Anyway, the chill of November has arrived in Upstate NY. We broke out the winter coats, hat & mittens this morning for the trek to the bus stop. I hate waiting for this bus to arrive with my kiddo this time of year. I dread going out for the bus but, the school district will not allow him to walk home alone even though I can see him from our front yard. Bummer. That time will come soon enough & I'm not ready for it. That will mean another 5 years of waiting for a bus to arrive & depart. The small child in my house will start kindergarten and that freaks me out. They grow too quickly.

The time change back an hour is totally messing with all of us this year. Even gaining an hour of sleep, it still feels like we haven't gotten enough. Normally falling back is a glorious event. Not this year. It's throwing off the mini girl horribly. Plus side to that, she's taking naps again and it isn't throwing off her bed time. HOORAY!

Tomorrow is another day off of school. Gav is going to help me with the littles "school". We do projects every day, practice colors, counting, ABC'S, do work sheets and all sorts of fun stuff. He's looking forward to being a "teacher" tomorrow and I'm loving the fact that there will be an extra set of hands. I'll even make an extra project for him to do. It'll be a fun day. Play-doh, baking cookies, board games, movies, hot cocoa. I love days off as much as he does.

I'll post some pictures of our wee shenanigan's. Happy Monday world!


Thursday, October 31, 2013

Happy Halloween?!?!

It's October 31st. Already. How did that happen? I feel like we just waltzed our way through the last 10 months. I'd prefer the slow sauntering through the seasons of my childhood. Time marches on and waits for no man (or woman) though.  It's hard to believe that in 60 days we'll be celebrating the year that was and welcoming in 2014.

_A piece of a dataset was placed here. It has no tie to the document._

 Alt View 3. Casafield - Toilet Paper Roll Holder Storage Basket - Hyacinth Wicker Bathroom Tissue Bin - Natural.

Here's some of my favorite fall moments with my littles. I love celebrating each holiday with them. It helps me remember how much I loved them as a child. The wonder of a child is truly an amazing thing.
 Trick or Treat Street with Bumble Bee & Strawberry Shortcake

 Autbots & Rainbow Dash (both kids had help)
Pumpkin picking @ Sunnyside gardens


We'll be getting ready to head to Gav's school soon  for the Halloween parade. I'll be accompanied by a sweet unicorn & bringing Captain America as our security detail. There will be pictures! We'll post some more later once the littles have passed out into their inevitable sugar coma.  Good thing this only happens once a year!

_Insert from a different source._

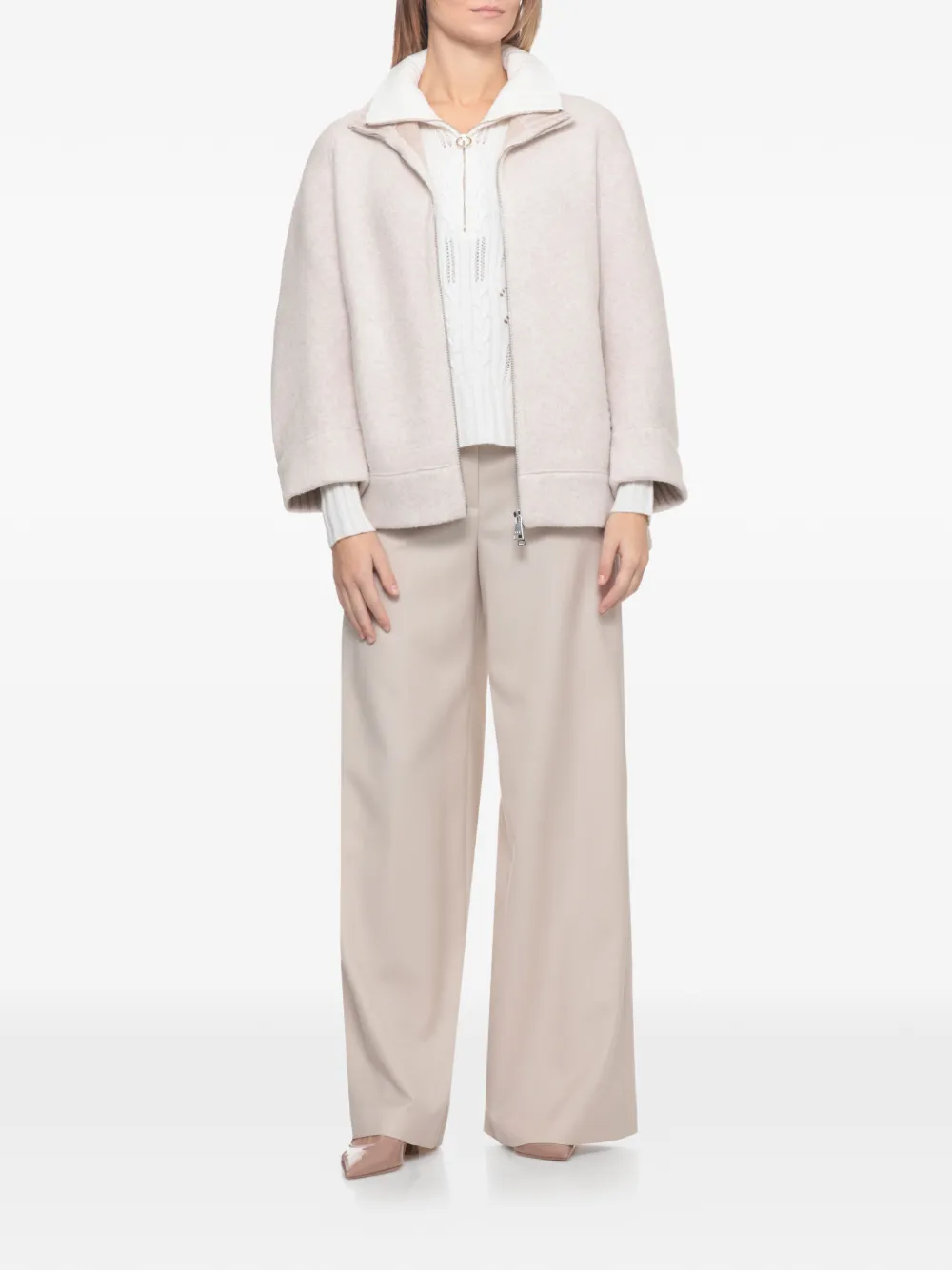  D.exterior Half-zip Sweater - White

Wednesday, October 23, 2013

It's October already?!?!?

I can't believe we're 8 days away from Halloween. How the crap did that happen? This summer was a blur. A family reunion for the 4th of July, Aunt Ali left for her new home in Virginia, a 9th birthday, Oma & Poppa left for their yr long mission trip in West Virginia ( we survived both sets of departures), Oma & Ali came home in August for a visit, lazy days at the lake, sunshine was soaked up, a trip to Great Escape. We enjoyed every second of bliss that accompanies summer. School started (3rd grade!) and he's been doing AWESOME! I keep getting awesome phone calls from the teacher & principal. He's made huge progress. I know now we made the right choice to change schools. He needed AES. I'm beyond proud of  my little guy!

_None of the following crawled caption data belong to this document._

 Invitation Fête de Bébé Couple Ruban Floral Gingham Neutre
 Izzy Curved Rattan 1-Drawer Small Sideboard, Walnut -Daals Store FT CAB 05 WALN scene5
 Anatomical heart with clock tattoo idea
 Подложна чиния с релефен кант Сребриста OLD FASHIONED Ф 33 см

Oma (& Poppa-best surprise ever) came home the 11th for a visit. This will be their last visit until Christmas. They'll be home in exactly 57 days (not that anybody is counting). Having them leave again was tough, we love when they're home. Gavin is being a storm trooper for Halloween, Teagan has decided (for the 3rd time) to be a unicorn. Pictures will come later. We'll be going pumpkin picking with Nana & Grandpa at our favorite place this weekend & going to trick or treat street at the high school. It'll be a fun but busy weekend. I'm looking forward to it.

Back to the costume changes. Originally, she was going to be a cupcake, she decided she hated it. I let her pick another one knowing we could sell the other one easily. She decided on Strawberry shortcake. Given the flimsy nature of the costume & the weather forecast for the next week, I made the executive to change back to her original desire to be a unicorn. The one we found in September was too small, we found a bigger one for $5 the other day. We're all done switching. I swear. Pictures will be added later!

I promise to keep at this one & to post more often.